═══ Data in this exercise
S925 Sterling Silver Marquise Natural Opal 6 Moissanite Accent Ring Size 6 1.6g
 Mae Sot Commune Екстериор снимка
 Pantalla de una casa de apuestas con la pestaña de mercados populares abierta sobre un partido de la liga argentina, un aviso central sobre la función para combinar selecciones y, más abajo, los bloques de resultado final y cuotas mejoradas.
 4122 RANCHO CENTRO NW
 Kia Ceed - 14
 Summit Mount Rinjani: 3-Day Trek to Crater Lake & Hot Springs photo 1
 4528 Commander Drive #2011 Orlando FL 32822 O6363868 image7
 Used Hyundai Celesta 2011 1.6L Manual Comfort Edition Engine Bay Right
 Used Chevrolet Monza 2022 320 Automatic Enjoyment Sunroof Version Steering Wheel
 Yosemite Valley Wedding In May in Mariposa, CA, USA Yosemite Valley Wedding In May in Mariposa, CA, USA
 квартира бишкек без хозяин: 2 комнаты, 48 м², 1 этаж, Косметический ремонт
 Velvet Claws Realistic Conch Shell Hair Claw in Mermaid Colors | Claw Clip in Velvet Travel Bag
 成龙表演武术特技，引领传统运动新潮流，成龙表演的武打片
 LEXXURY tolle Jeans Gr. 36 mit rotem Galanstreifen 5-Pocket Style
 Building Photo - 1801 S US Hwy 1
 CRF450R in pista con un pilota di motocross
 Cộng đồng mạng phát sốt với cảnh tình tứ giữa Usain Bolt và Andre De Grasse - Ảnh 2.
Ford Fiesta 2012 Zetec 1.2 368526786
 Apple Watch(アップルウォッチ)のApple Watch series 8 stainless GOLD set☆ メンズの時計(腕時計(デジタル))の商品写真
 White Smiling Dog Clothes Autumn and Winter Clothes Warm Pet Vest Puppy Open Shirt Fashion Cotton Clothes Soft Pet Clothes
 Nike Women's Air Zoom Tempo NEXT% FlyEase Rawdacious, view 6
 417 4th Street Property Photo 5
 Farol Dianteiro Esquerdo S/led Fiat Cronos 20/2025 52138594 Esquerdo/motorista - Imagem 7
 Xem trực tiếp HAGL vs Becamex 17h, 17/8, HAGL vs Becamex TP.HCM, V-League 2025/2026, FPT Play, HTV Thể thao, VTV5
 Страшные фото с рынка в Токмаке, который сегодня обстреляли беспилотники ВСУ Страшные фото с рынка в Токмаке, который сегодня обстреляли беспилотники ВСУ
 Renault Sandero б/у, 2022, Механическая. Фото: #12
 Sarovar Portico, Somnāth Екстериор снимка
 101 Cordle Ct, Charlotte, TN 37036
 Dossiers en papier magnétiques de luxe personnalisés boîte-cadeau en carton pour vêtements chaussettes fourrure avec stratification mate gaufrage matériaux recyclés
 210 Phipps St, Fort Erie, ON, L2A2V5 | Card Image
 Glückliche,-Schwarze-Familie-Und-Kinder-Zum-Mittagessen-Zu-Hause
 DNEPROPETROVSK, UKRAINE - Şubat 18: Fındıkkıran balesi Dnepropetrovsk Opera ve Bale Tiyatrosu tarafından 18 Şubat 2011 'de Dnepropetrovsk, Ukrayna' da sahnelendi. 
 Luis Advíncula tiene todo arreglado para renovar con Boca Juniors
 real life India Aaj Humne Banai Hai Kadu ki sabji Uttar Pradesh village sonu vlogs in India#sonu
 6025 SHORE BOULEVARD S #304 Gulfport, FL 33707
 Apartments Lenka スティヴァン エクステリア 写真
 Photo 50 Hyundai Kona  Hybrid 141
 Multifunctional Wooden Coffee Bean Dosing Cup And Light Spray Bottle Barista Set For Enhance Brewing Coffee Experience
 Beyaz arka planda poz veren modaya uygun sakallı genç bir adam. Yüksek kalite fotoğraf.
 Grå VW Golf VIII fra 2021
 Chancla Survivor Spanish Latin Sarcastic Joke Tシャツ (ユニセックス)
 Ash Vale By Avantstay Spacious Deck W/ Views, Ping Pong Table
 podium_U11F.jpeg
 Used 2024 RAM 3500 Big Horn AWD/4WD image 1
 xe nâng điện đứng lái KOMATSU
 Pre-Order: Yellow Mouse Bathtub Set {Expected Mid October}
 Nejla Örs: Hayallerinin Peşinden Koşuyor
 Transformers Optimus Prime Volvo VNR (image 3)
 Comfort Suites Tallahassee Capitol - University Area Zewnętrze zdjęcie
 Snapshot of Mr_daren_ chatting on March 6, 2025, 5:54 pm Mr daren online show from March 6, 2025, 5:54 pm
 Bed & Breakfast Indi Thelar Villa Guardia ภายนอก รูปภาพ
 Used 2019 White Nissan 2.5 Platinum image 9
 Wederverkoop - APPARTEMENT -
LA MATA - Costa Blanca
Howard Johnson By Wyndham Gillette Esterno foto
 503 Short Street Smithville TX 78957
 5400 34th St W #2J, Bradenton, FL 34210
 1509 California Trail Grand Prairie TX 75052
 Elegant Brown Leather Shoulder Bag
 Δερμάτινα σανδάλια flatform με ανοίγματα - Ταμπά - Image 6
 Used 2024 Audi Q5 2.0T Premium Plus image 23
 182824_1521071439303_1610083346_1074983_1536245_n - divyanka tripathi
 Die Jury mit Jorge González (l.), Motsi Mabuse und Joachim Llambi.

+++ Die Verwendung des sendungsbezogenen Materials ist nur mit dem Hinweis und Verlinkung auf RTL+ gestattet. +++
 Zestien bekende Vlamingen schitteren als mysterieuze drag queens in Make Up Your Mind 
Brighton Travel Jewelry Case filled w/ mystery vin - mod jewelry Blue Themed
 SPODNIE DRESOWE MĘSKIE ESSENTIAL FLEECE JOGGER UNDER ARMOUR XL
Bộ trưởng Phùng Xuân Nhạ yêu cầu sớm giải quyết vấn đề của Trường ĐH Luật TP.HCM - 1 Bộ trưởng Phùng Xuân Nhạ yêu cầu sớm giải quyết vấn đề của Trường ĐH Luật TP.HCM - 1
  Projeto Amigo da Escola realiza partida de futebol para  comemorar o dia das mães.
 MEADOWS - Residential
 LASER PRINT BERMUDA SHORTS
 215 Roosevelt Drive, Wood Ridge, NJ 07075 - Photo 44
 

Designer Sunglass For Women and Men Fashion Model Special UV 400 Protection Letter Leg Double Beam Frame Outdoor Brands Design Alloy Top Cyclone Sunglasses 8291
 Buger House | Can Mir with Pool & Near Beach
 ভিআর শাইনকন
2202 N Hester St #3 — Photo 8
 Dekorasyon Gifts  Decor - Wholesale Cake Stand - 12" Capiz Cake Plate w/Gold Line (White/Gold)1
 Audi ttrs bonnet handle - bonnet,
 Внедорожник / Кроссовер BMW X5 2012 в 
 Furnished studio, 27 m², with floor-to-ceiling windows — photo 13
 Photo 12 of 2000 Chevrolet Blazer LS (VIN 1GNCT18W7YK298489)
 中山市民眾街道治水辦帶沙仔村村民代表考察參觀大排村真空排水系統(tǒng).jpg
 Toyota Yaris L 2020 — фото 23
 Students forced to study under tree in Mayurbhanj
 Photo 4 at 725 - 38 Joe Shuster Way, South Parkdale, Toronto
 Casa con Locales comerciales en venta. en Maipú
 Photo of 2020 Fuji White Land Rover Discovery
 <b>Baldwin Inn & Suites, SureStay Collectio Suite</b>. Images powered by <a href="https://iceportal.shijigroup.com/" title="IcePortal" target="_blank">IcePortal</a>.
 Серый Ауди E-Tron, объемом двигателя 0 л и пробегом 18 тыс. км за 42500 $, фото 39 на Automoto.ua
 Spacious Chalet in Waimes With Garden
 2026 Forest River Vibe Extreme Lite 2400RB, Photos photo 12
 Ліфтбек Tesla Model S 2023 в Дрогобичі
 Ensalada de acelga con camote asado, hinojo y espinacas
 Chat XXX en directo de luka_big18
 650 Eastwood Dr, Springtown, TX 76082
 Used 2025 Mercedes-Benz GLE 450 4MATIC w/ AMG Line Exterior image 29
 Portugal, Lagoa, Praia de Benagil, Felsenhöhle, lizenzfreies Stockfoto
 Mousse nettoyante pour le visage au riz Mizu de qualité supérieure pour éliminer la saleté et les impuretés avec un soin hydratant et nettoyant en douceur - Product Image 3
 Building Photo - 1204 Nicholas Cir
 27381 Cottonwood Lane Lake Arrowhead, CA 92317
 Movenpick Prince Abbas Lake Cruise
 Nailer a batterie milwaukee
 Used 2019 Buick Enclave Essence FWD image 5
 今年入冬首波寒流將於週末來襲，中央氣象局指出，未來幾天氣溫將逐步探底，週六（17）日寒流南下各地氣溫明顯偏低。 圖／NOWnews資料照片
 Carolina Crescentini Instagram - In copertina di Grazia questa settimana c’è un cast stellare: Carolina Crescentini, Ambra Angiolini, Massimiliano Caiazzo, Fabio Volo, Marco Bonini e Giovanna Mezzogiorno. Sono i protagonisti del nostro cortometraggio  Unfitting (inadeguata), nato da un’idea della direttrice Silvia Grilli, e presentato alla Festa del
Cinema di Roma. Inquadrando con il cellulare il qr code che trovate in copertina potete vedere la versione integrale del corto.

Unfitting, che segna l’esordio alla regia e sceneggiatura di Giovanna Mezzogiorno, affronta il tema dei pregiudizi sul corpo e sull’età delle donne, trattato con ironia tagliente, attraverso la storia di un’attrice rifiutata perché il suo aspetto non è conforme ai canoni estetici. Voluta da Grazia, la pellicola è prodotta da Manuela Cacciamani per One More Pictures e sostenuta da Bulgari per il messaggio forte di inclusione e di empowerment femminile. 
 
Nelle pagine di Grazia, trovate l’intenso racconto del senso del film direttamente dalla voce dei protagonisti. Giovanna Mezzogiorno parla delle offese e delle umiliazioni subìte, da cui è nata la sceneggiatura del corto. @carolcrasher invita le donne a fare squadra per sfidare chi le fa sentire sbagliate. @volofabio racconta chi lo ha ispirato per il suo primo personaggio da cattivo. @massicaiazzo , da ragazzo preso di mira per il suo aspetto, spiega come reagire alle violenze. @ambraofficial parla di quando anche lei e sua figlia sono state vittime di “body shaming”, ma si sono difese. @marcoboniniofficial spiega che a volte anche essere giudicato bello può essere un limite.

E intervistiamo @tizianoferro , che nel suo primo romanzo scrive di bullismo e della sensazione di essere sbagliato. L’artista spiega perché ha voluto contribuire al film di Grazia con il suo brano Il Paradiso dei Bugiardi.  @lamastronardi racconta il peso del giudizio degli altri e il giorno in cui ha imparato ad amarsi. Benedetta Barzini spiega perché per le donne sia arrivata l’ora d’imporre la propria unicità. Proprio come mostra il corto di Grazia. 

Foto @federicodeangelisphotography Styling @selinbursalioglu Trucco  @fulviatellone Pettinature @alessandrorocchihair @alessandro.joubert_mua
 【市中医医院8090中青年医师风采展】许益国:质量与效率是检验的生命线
══════
Exercise goal
If a line holds the string "Lake", it counts; please state how many such lines there are in the data, with nothing more.

Task output
3